Humans are able to make incredibly rich inferences about others from very little data, even at a young age 1 2 3. These behavioral predictions and explanations stem from understanding others in terms of their underlying mental states including beliefs, desires, and intentions. This notion, called Theory of Mind (ToM), gets much of its power from the assumption that people behave rationally with respect to those underlying mental states. Rational behavior implies that individuals act in efficient and parsimoniuos ways to achieve their underlying goals given constraints of the environment.
For example, if a woman walking down the street ducks to avoid a low hanging branch, we would assume that she would not duck had the branch not been there. A man gets out of his car in the supermarket parking lot and starts walking to the store then all of a sudden he turns back to his car. In most cases, we do not assume he has suddenly gone crazy, but that some change in his mental states led to that change in action. Maybe he left his wallet or forgot to lock the car.
In all of these scenarios, we use observables, namely actions and aspects of the environment, to infer hidden states of the mind. Using the framework of ToM under the assumption of rationality, we can operationalize these ideas into computational models undergoing the same process.
There are a set of fundamental tools that we can draw from engineering, decision theory, and artificial intelligence to help solve this type of problem. One such tool is a Markov Decision Process (MDP). MDPs are defined by the tuple A set of states, actions, a transition function describing the dynamics of the environment, a reward function giving some numerical value to each state or state-action pair in the world, and a discounting factor representing how much future rewards are worth respectively.
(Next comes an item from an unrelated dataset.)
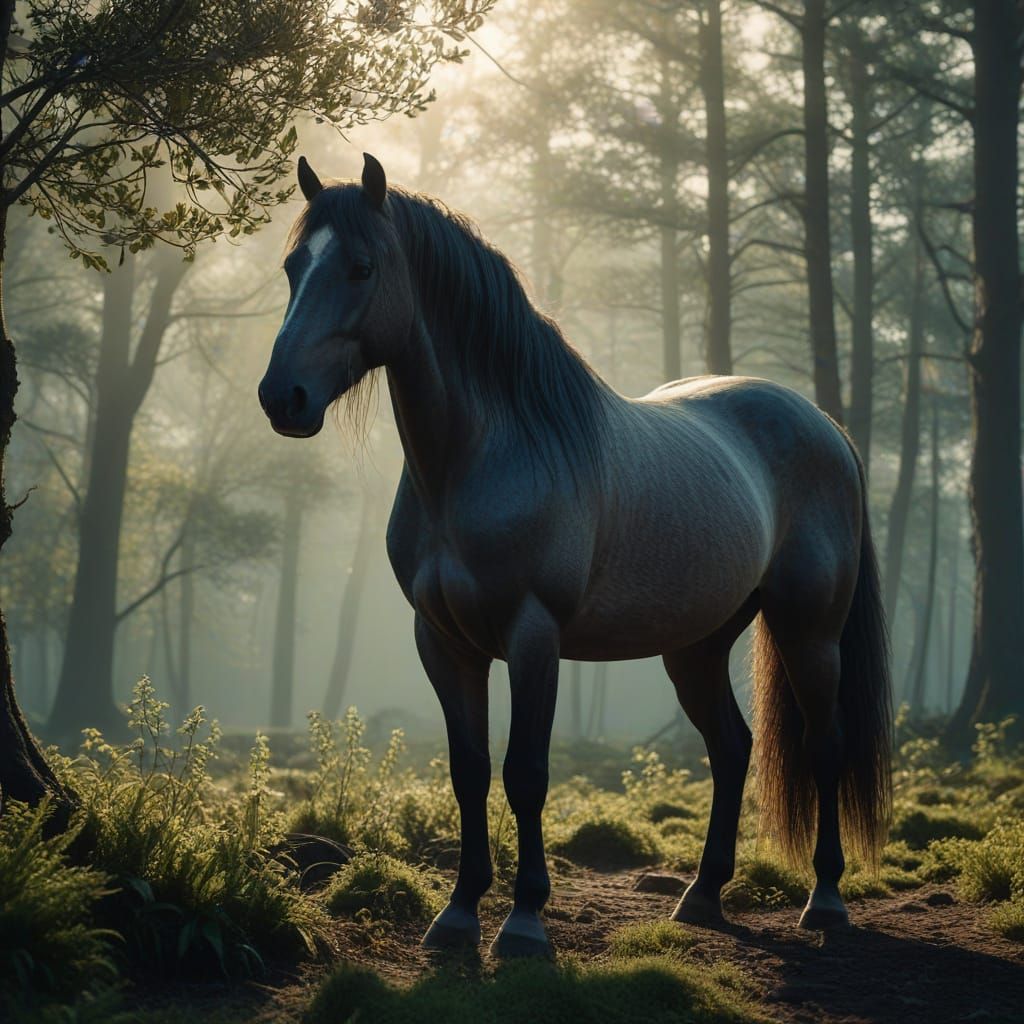 Realistic Horse in a Breathtaking Bioluminescent Landscape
This formulation allows us to model an agent's decision making process given a goal in an environment in discrete time. Chapters 3 and 4 of Reinforcement Learning: An Introduction4 provide an in-depth description of dynamic programming solutions to MDPs.
The second major tool for ToM models is Bayesian Inference. While MDPs allow a forward model of decision making, it is generated directly from the underlying mental states. Recall that these are not actually observable. Baye's Rule allows us to reverse this problem and perform inverse planning by looking at the set of possible mental states and evaluating which is most likely using the observable actions in the environment.
Using these tools, we are able to build models infering latent mental states and extend these models to capture a variety of situations (e.g. partially observable environments where planning is done by a Partially Observable MDP or POMDP5).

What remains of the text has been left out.